Der uns bekannte typische, durch eine Plaqueruptur mit Thrombusbildung verursachte Myokardinfarkt vom Typ 1 kann durch COVID-19 ausgelöst werden.74 Die bei COVID-19 freigesetzten, zirkulierenden Zytokine könnten hier zu einer atherosklerotischen Plaque-Instabilität und Ruptur führen.75 Zusätzlich kann die Dämpfung der ACE2-Expression und die damit verbundene Erhöhung von Ang-II das kardiovaskuläre Risiko durch oxidativen Stress, endotheliale Dysfunktion und Vasokonstriktion steigern.39 Da ACE2 u.a. in den vaskulären Endothelzellen exprimiert wird, könnte eine direkte virale Infektion Gefäße, die zu einer Plaque-Instabilität führt, auch bei Patienten mit COVID-19 eine Rolle bei Entwicklung eines Myokardinfarktes Typ 1 spielen.38,76

Eine Hypoxämie bei schwerem COVID-19-Verlauf könnte aufgrund des Ungleichgewichts zwischen Sauerstoffangebot und -bedarf in Verbindung mit Fieber, Tachykardie und endokriner Dysregulation zu einer myokardialen Ischämie im Sinne eines Myokardinfarktes vom Typ 2 führen.74 Erschwerend kann sich zudem eine durch die Hypoxämie bedingten intrazellulären Kalziumüberschuss mit der Folge einer kardialen Myozyten-Apoptose auswirken.69 Es ist daher möglich, dass eine bestehende stabile koronare Herzkrankheit infolge von COVID-19 als Myokardinfarktes Typ 2 durch die akute Infektion demaskiert wird.39

Interessanterweise sind kaum Berichte über Symptome und EKG-Veränderungen im Zusammenhang mit einem Myokardinfarkt im Rahmen von COVID-19 veröffentlicht worden.77 Spezifische Ekg-Veränderungen, die auf eine myokardiale Ischämis hinwiesen wurden in der Regel nicht beschrieben. Auch zeigte sich im Ekg bei Krankenhaus-Aufnahme bei letalen kardiovaskulären Verläufen keine spezifischen Auffälligkeiten.10 Die unter COVID-19 beschriebenen EKG-Veränderungen umfassen Sinustachykardien, SIQIII-Typ, Rechtsschenkelblockierungen, AV-Blockierungen, ST-Elevationen und diffuse T-Negativierungen sowie ventrikuläre Tachykardien.78 Sie sind in der Regel mit einem kritischen Status bei COVID-19 assoziiert.

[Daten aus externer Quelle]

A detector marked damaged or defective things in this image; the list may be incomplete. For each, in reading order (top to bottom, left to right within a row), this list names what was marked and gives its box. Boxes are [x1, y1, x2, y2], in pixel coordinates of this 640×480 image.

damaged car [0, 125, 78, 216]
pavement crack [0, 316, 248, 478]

Die EKG-Veränderungen können verschiedene Manifestationen einer Myokardschädigung widerspiegeln. Sie können Ausdruck einer rechtsventrikulären Belastung, von lokalen Entzündungen des Myokards bzw. einer akuten Myokarditis wie auch einer myokardialen Infarzierung sein.77

Abb.: 42 jähriger Patient mit hochfebrilen Temperaturen von 40°C bei COVID-19. Elektroardiographisch imponiert ein Typ 2 Brugada-EKG-Muster. Bei initial und in den Kontrollen unauffälligem kardialen Troponin T kann eine akute myokardiale Infarzierung sicher ausgeschlossen und eine COVID-19-Myokarditis als unwahrscheinlich angesehen werden.79 Nach Absenkung der febrilen Temperaturen waren die Ekg-Veränderungen nicht mehr nachweisbar.

Über das Auftreten akuter Koronarsyndrome und Myokardinfarkte wurde auch während des ersten SARS-Ausbruchs 2003 berichtet.80 Es zeigte sich auch hier, dass die Infektion mit SARS-CoV ebenso wie SARS-CoV2 ein klinisch wesentlich breiteres klinisches Spektrum als eine alleinige atypische Lungenentzündung aufwies.

Ausblick

Derzeit kann keiner der beschriebenen Mechanismen definitiv als Hauptursache für eine Troponinerhöhung und/oder Myokardschädigung bei Patienten mit COVID-19 identifiziert werden. Vieles spricht dafür, dass viele Faktoren beteiligt sind. Durch ein Ungleichgewicht des Renin-Angiotensin-Aldosteron-Systems scheint das Herz-Kreislauf-System früh in Mitleidenschaft gezogen zu werden und dies durch eine systemische Inflammationsreaktion, endotheliale Dysfunktion und mikrovaskuläre Schädigung aggraviert wird.

Das kardiale Troponin stellt nicht nur bei Patienten mit bekannter kardiovaskulärer Vorerkrankung bei COVID-19 einen nützlichen prognostischen Marker dar, um ggf. frühzeitig eine aggressivere Behandlung einzuleiten. Es erscheint sinnvoll bei COVID-19-Patienten das kardiale Troponin als Prognoseparameter bereits bei Krankenhausaufnahme und im Verlauf zu bestimmen.

Die Berurteilung einer kardialen Troponin-Erhöhung bei COVID-19-Patienten sollte auf der Grundlage der Schwere einer bestehenden systemischen Inflammation erfolgen.81 Das weitere therapeutische ggf. invasive kardiologische Vorgehen ist hiervon abhängig.